Sustainable Development Element

Jobs and livelihoods / Food security / Water security / Disaster risk reduction / Peace and security / Health / Climate action

Related Sustainable Development Goal(s)


Environmental Impacts

Above sections highlight the immense positive environmental impacts. This said, the initiative has taught farmers how to stop and reverse the devastating effects of overgrazing on the natural environment. Our studies and visits to areas within this jurisdiction and to other communal farming jurisdictions have highlighted massive invasion by woody, unpalatable, and highly invasive plant species which are leading to the destruction of sensitive and important grassland biomes. Soil erosion and consequential pollution of river systems continue unabated also and we are proud to say that the HLLM initiative is stopping and reversing this damage in targeted areas. We also believe that the initiative will start having beneficial impacts on more macro detrimental climate change caused by the reduction of soil cover. Wildlife will also be encouraged to return to areas where their natural food sources have been greatly reduced or totally obliterated. Water conservation is now prioritized.

Sustainable Development Impacts

The entire HLLM initiative has had vast impacts in both environmental and societal spheres. In terms of the environmental sphere the following are impacts: The return and conservation of valuable vegetation types (and the reduction of invasive species), better retention of water in these water-scarce target areas, healthier and more "diverse" soil types, healthier river systems, and the proliferation of wildlife which was forced to leave the region. In the societal/human sphere, the following are positive impacts: better knowledge and education levels leading to sustainability and poverty reduction, a retardation in the urbanization rate within the area which will later favorably impact on urban congestion and governance pressure if up-scaled/replicated, retention of the youth in the important agricultural sector going forward. And, generally, a symbiotic relationship has been created between man and environment. A "commercial mindset" is also being created here.

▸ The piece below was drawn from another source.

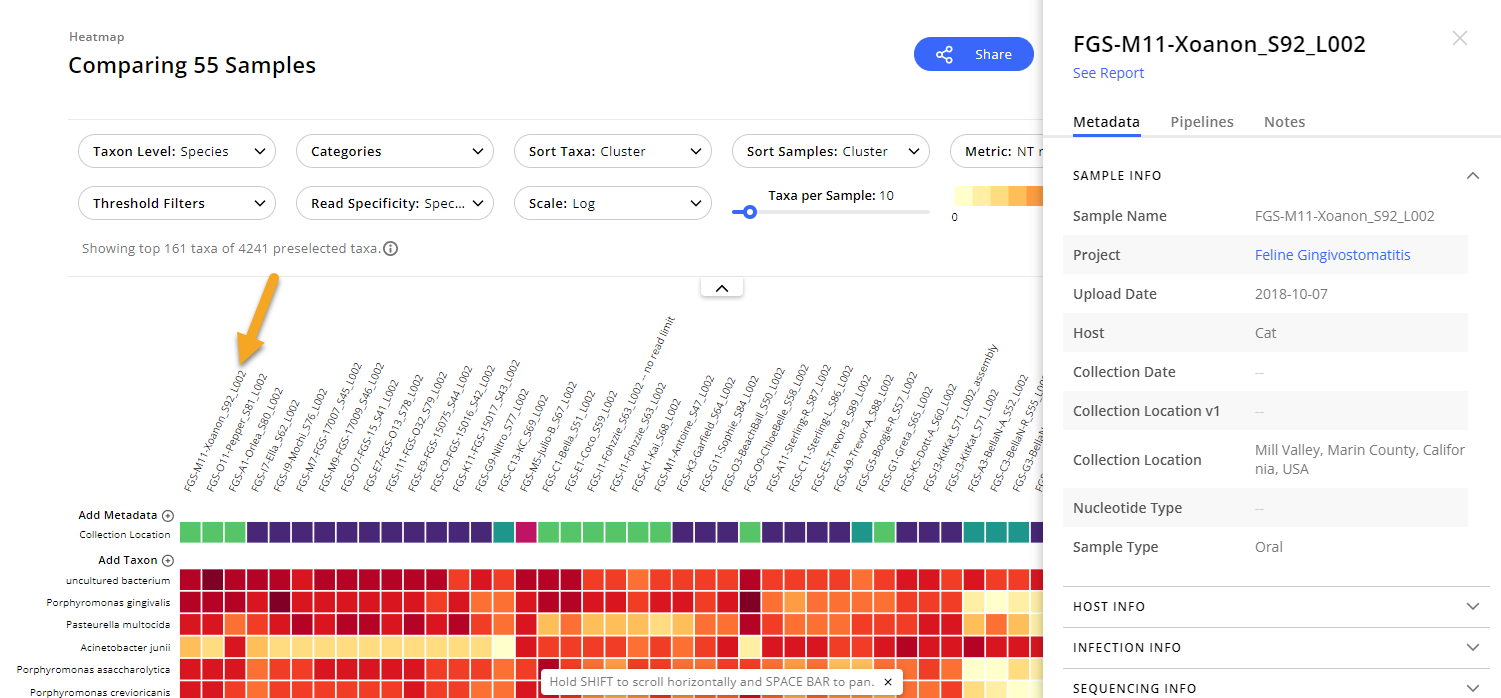 Viewing Sample and Taxon Details in the Heatmap – CZ ID Help Center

It is vitally important that this initiative is scaled-up nationally, throughout communal farming areas which we reiterate cover a sizable portion of agricultural land in South Africa— communal farmers will not only be increasingly expected to contribute to national food security but will also need to be effectively equipped with knowledge if expected to play a role in a future commercial farming sector. Without this, the commercial food-producing agricultural sector could be greatly harmed, therefore affecting the citizenry at large. Our initiative works via highly defined introductory and implementation steps (pre-project plans, project implementation plans, etc) and therefore can be relatively easily scaled-up in new areas - we are in fact busy with the introductory phase of this type of initiative in the former Bantustan region of the Transkei. The initiative also enjoys wide stakeholder support and the training is easily understood by beneficiaries.


The former section explains much of this but it suffices to say that the initiative is easily replicated and we have proved this via replication exercises we are presently undertaken within the greater target community (Zulukama) and in a totally new area (St Marks region of the former Transkei Bantustan). As a more macro issue of concern, food security is not only a growing challenge in South Africa but may even be a more pressing issue in other developing scenarios. We, therefore, believe that it is crucial for initiatives like this to be supported by higher governance and institutional levels of society. We can not rely on a future where food handouts replace sustainability and self-support.